Наконец мне удавалось вполне отчетливо увидеть «два часа дня!» — я звонил, но сразу же опять погружался в сон, на этот раз, должно быть, бесконечно более долгий, если судить по степени отдыха и по впечатлению, которое, когда я просыпался, говорило мне, что прошла длинная ночь. Но так как пробуждение бывало вызвано приходом Франсуазы, являвшейся, по ее словам, на мой звонок, то этот новый сон, казавшийся мне бесконечно более долгим, чем тот, прежний, и приносивший мне такое отличное самочувствие и такое забвение, мог длиться не более полминуты.
Бабушка приоткрывала ко мне дверь; я задавал ей несколько вопросов о семье Легранден.
Недостаточно было бы сказать, что я вернулся к спокойствию и здоровью, ибо не простое расстояние отделяло их от меня накануне, всю ночь мне приходилось бороться с враждебным им потоком, и ведь я не только оказался возле них, но они вошли в меня. В каких-то определенных и еще немного болезненных точках моей головы, которая оставалась пустой, а со временем должна была распасться и навсегда выпустить мои мысли, им еще раз удавалось занять свое место и вернуться к существованию, которым они до сих пор, увы, не сумели воспользоваться.

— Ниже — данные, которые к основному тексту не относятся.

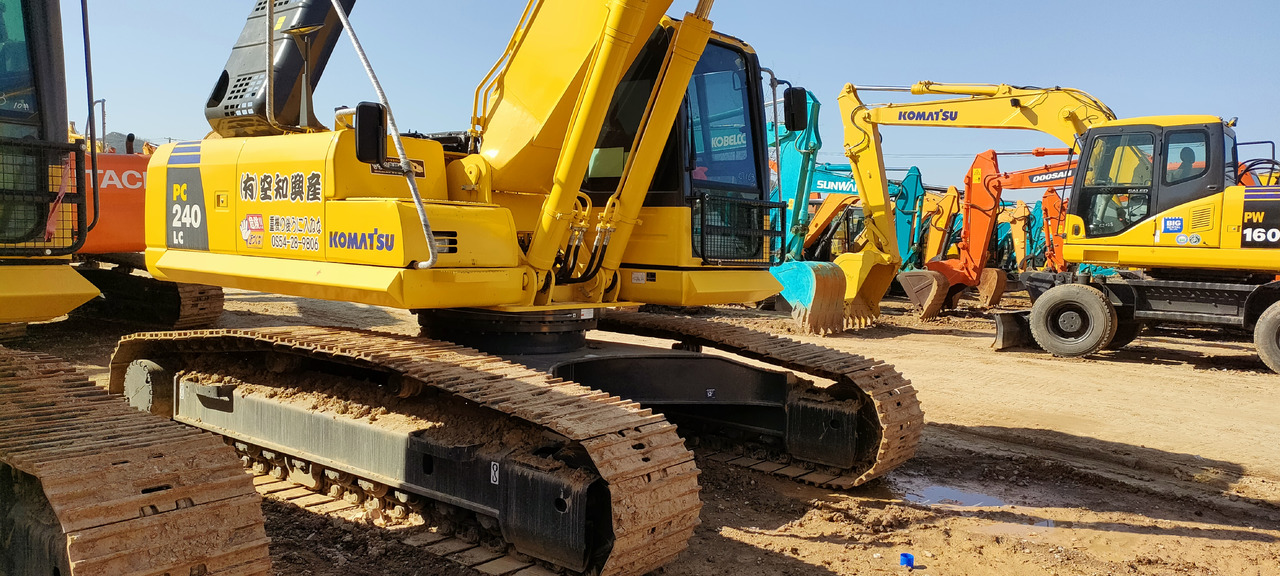 KOMATSU PC240-8 - Bager gusjeničar: slika KOMATSU PC240-8 - Bager gusjeničar KOMATSU PC240-8 - Bager gusjeničar: slika KOMATSU PC240-8 - Bager gusjeničar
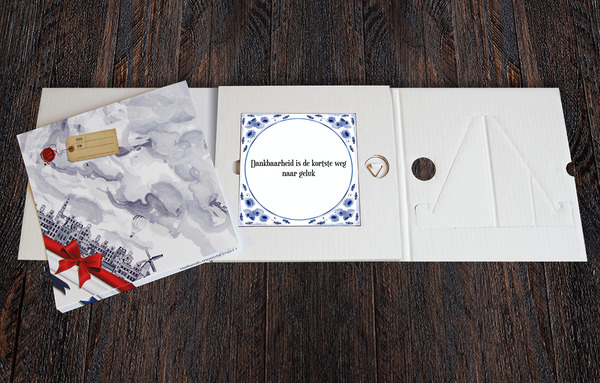 Tegel met tekst Dankbaarheid is de kortste weg naar geluk - Tegel met Spreuk in Luxe geschenk verpakking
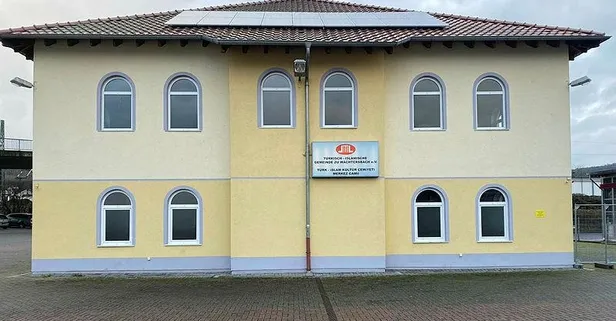 İslam düşmanları durmuyor! Almanya'da camiye ırkçı içerikli tehdit mektubu gönderildi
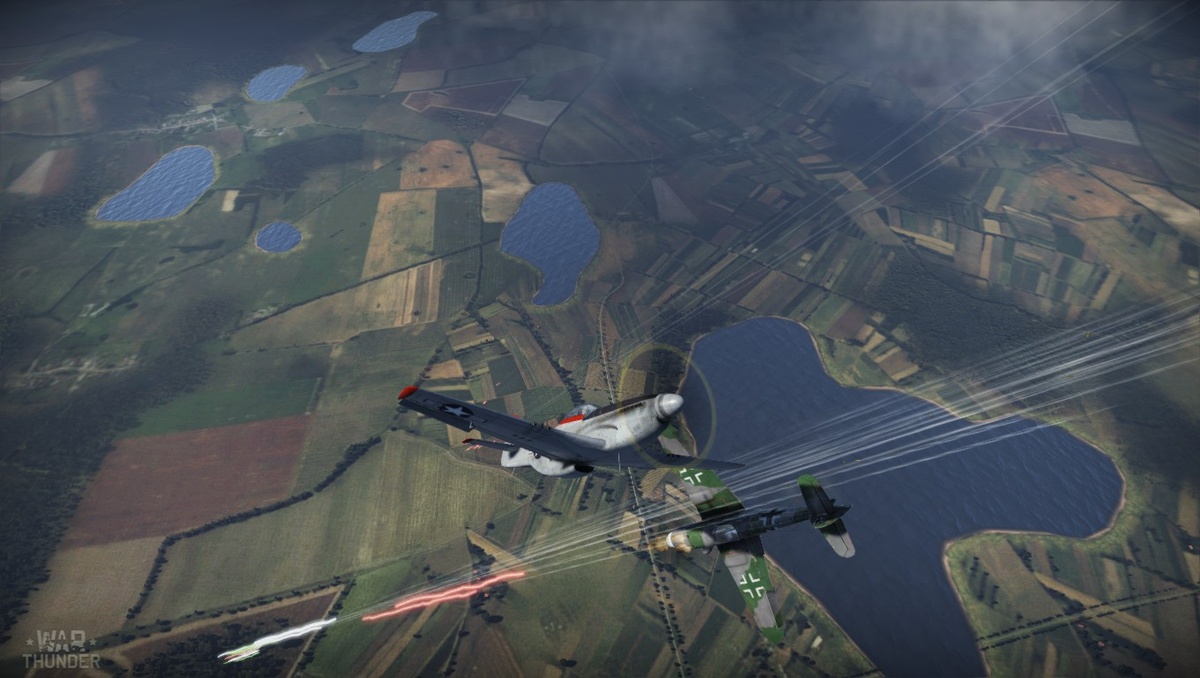 В War Thunder существует множество различных фишек, о которых не знают новоприбывшие игроки. Практически во всех аспектах геймплея, начиная от экономики, заканчивая тактикой ведения боя, есть свои тонкости, с которыми желательно ознакомиться ещё на начальном этапе игры.Секреты танковых баталий
Не все новички знают о том, что модули некоторых танков бывают крепче любой брони. Хорошим примером здесь служат гусеницы, поскольку попадание в них может сильно исказить траекторию полёта снаряда, и он уйдёт под днище танка, не причинив ему вреда. Поэтому, зайдя в борт противнику, не стоит стрелять в сами гусеницы, гораздо лучше будет поразить башню, поскольку там сидит наводчик и заряжающий. Вообще, различных уловок в игре столько, что наберётся на целый список:
Американские ПТ-САУ, типа M18 или М36, обладают открытой рубкой, вследствие чего их экипаж уязвим к фугасным снарядам. Также на их башне установлен пулемёт М2 Браунинг. Мало кто знает, но этот пулемёт является физическим объектом и любой фугасный или шрапнельный снаряд взорвётся, едва коснувшись его. Такая тактика может отлично сработать при сражении на холмах, поскольку игрок сначала увидит пулемёт на башне и только затем орудие противника. Один меткий выстрел способен убить почти весь экипаж ПТ-САУ и уничтожить боеукладку.
Как известно, при движении орудие танка качается вверх-вниз. Особенно этот эффект проявляется на немецкой бронетехнике. Поэтому перед выстрелом игроки резко останавливаются и ждут, пока орудие не перестанет раскачиваться.
Однако, обладая достаточной реакцией не обязательно ждать. Если не полностью останавливать танк, оставив при торможении каких-нибудь 4-7 км\ч, то орудие будет намного медленней ходить вверх-вниз. Интересно, что если выстрелить в таком положении, то снаряд в 90% случаев летит точно в цель, часто игнорируя увеличенный на 33% разброс в аркадных боях.
Снаряды, которые не содержат взрывчатых веществ, способны пробивать деревянные дома, небольшой слой земли, а также заборы, деревья и другие мелкие объекты. К таким боеприпасам относятся подкалиберные и бронебойные снаряды. Подкалиберные доступны всем нациям, а вот бронебойные болванки используют только американцы и частично британцы.
В свою очередь, фугасные и кумулятивные снаряды детонируют от соприкосновения поверхностью. Начиная от калибра 122 мм, фугасы способны сильно повредить любую цель, чем успешно пользуются фанаты ИС-2. С калибром 152 мм связан один интересный финт. Поскольку поразить цель в лоб даже таким «бревном» получается далеко не всегда, можно попробовать закинуть снаряд под днище вражеского танка. Это довольно сложно, учитывая навесную траекторию полёта боеприпасов у большинства гаубиц, но эффект способен превзойти все ожидания. Данный приём очень эффективен против немецких танков, так как у них внизу расположены баки и боеукладка. Именно поэтому на БР от 7.7 можно встретить КВ-2, СУ-152 и других «фугасников», которые успешно крошат вражескую команду в пыль.
В режимах с захватом точек есть ещё одна любопытная деталь. Захват одной точки увеличивает итоговую награду на 10%. Как ни странно, но за вторую такой награды уже нет. Естественно, разработчики держат в тайне принципы начисления серебряных львов, а этот факт просто результат наблюдения некоторых игроков.Секреты воздушных боёв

Я лишний раз избежал бессонницы, страшной сокрушительной бури нервных припадков. Я уже больше совершенно не страшился того, что угрожало мне вчера вечером, когда я был лишен покоя. Новая жизнь открывалась передо мной; не делая еще ни единого движения, так как я все-таки чувствовал себя разбитым, хотя и бодрым, я радостно вкушал мою усталость; она отделила одну от другой и переломала кости моих ног, моих рук, которые как будто вновь лежали передо мною, готовые соединиться, и которые я сразу же смогу собрать в одно целое, стоит мне только запеть, как сделал зодчий в басне.

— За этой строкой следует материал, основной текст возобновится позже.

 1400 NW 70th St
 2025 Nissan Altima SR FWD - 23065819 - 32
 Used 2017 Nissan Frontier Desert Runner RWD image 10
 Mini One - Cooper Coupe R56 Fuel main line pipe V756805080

Внезапно мне вспомнилась молодая блондинка с грустным лицом, которую я видел в Ривбеле и которая глядела на меня какой-нибудь миг. В течение всего вечера многие другие казались мне более привлекательными, теперь же она единственная поднималась из глубины моей памяти. Мне казалось, что она заметила меня, я ждал, что кто-нибудь из лакеев ривбельского ресторана принесет мне от нее записку. Сен-Лу не знал ее и предполагал, что она приличная женщина. Трудно было бы видеться с ней, видеться постоянно. Но ради этого я на все был готов, я уже думал только о ней. Философия часто говорит об актах свободных и актах необходимых. Может быть, нет случаев более совершенного проявления необходимости, чем тот, когда некая сила, рвущаяся ввысь, но сдерживаемая во время наших действий, оживляет в нас, как только мысль успокаивается, какое-нибудь воспоминание, сравнявшееся с другими под гнетущим влиянием рассеянности, и дает ему размах, потому что, помимо нашего ведома, в нем больше, чем в других, таилось очарования, хотя мы сознаем это лишь через сутки. И быть может, нет акта более свободного, ибо здесь еще отсутствует привычка, эта своего рода умственная мания, благоприятствующая в любви воскрешению образа всегда одного и того же человека.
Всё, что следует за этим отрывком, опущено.